From nose to tail, the robotic fish is just half an inch long. It moves by rapidly switching a near-infrared laser on and off at the tail. It was modeled after mother-of-pearl shells and had the potential to rescue the environment.

Robotic fish moves at a rate of soft marine devices 

In tests, the robot moved at a rate of movement for soft marine machines of about three body lengths per second. It attained a speed equal to that of moving phytoplankton. The untethered device moved neighboring polystyrene microplastics continuously by adsorbing them.

Amazingly, the tool can “repair” itself after becoming cut, preserving its capacity to collect debris. It is the best option for detecting microplastics and other contaminants in challenging aquatic settings because of its robustness and quickness.

The authors wrote, “The proof-of-concept robot is demonstrated to emphasize its maximum swimming speed of 2.67 body length per second, whose speed is comparable to that of plankton, representing the outperformance of most artificial soft robots. Furthermore, the robot can stably absorb pollutants and recover its robustness and functionality even when damaged.”

Microplastics are practically ubiquitous on Earth and, if consumed by animals, can be hazardous to them. Since they tend to lodge into corners and crevices at the bottom of streams, rivers, lakes, and oceans, they are famously challenging to get rid of.

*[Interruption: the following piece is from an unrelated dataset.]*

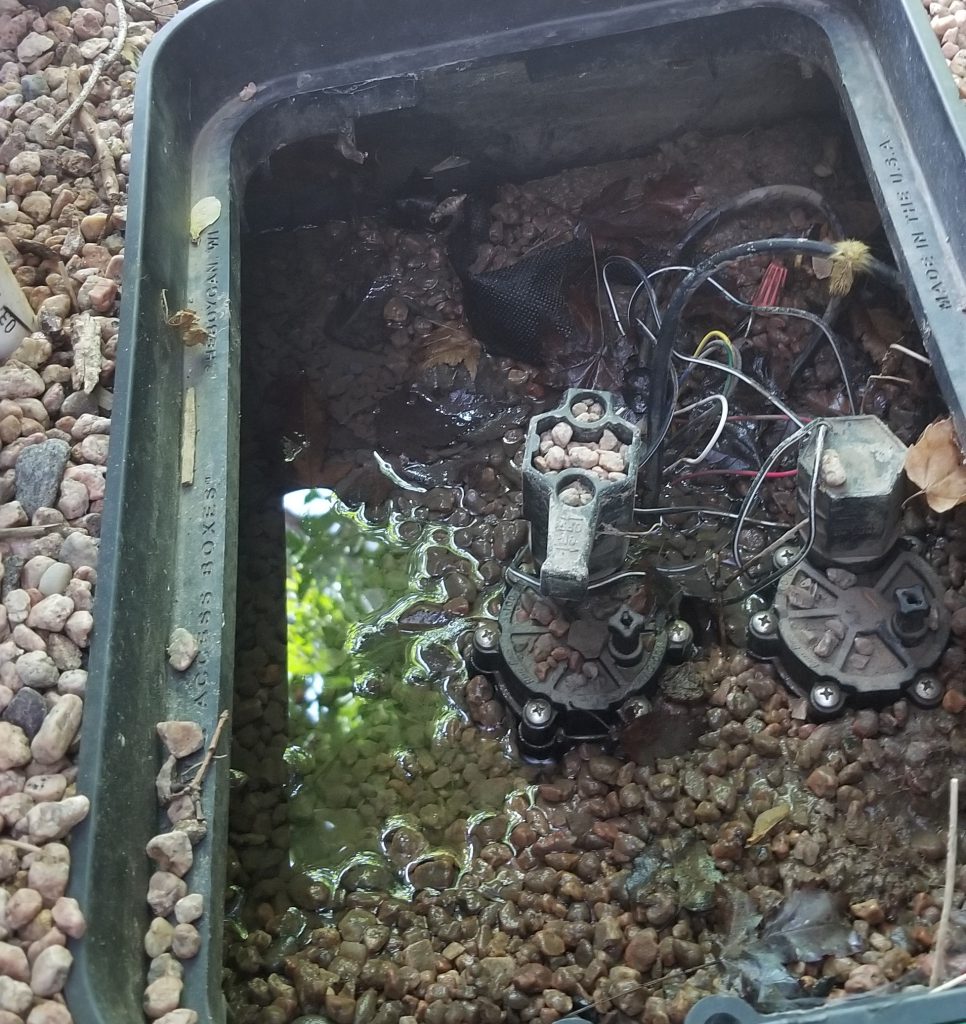 Leak shown over sprinkler components in a green sprinkler box.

The robotic fish could be key to healthier waters. 

Hydrogels and elastomers, which are commonly utilized for soft robots but easily harmed in water, are used for these devices. Nacre, another name for mother-of-pearl, is robust and flexible. It can be discovered on clamshell interiors. It is composed of layers with a microscopic slope; one side is filled with many calcium carbonate ingredients, while the other is filled with a silk protein filler.

To create a strong and flexible material for their fish, the researchers created a structure similar to this.